Lay Low: Farewell Good Night’s Sleep Review
Hearing singer/songwriter Lay Low for the first time you could be forgiven for not being able to guess her true homeland. Though Lovísa Elísabet Sigrúnardóttir (Lay Low’s real name) comes from the same land as Bjork, Sigur Ros, etc, her spiritual home seems to be the American South, the birthplace of country music. The Icelander sings mellow, pedal-steel infused tunes that conjure up images of dusty plains and barbecue more so than the crystalline sterility of her home country.
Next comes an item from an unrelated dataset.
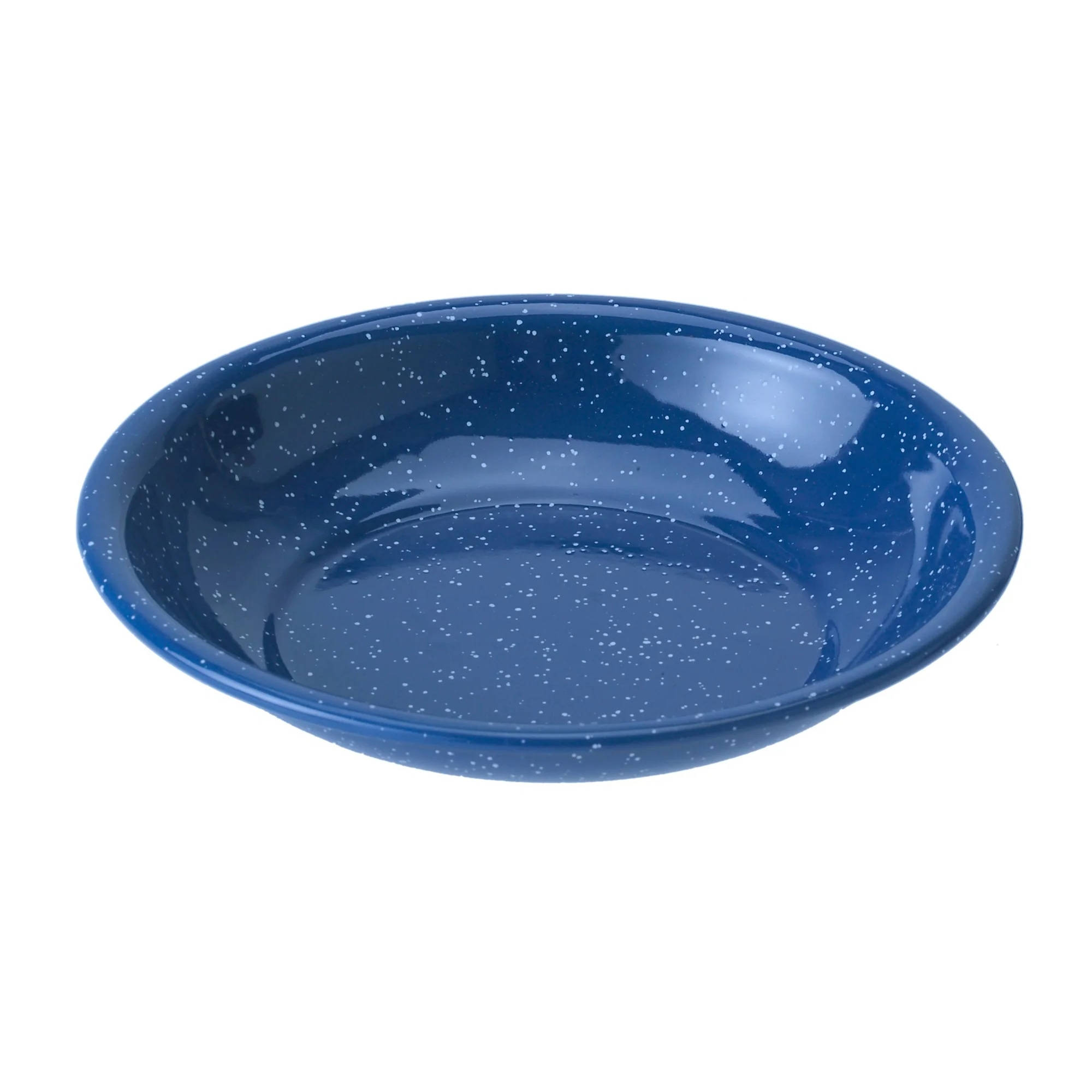 Enamelware Cereal Bowl Blue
Lay Low’s sophomore album Farewell Good Night’s Sleep will be out in the U.S. in early March, and it is a pretty sturdy collection of tunes. With just a wee bit of Sixties’ sunny pop mixed into her twanginess, Elísabet has crafted ten immaculately produced original songs (plus a cover of Left Frizzell’s “The Reason Why my Heart’s in Misery”) that invoke comparisons from Patsy Cline to Nancy Sinatra. Elísabet’s songwriting runs the gamut from chipper to heartbroken, but regardless of what her mood is she always seems to be a disaster waiting to happen. “I made you cry and I’ll make you cry with the things I do,” she croons on one of the album’s poppier tracks “By and By.” From lying to hurting to cheating – Elísabet seems to have covered all the old country sources of misery (well, except drinking that is). For this reason she tends to sound a little more honest in her more downtrodden, bluesy songs like “I Forget it’s There,” and “On My Own.”
In Lay Low’s more lighthearted work Elísabet’s vocals can be both a blessing and a curse. While she possesses a truly pristine set of smoky pipes, her oftentimes “cute” sprightliness can sound a bit trite singing songs about sorrow and hardship. Still, it’s not so much a major problem as it is an occasional annoyance – overall Farewell Good Night’s Sleep is a pretty delightful listen. While I am not always entirely convinced by Law Low’s melancholy, I am usually charmed by her sweetness.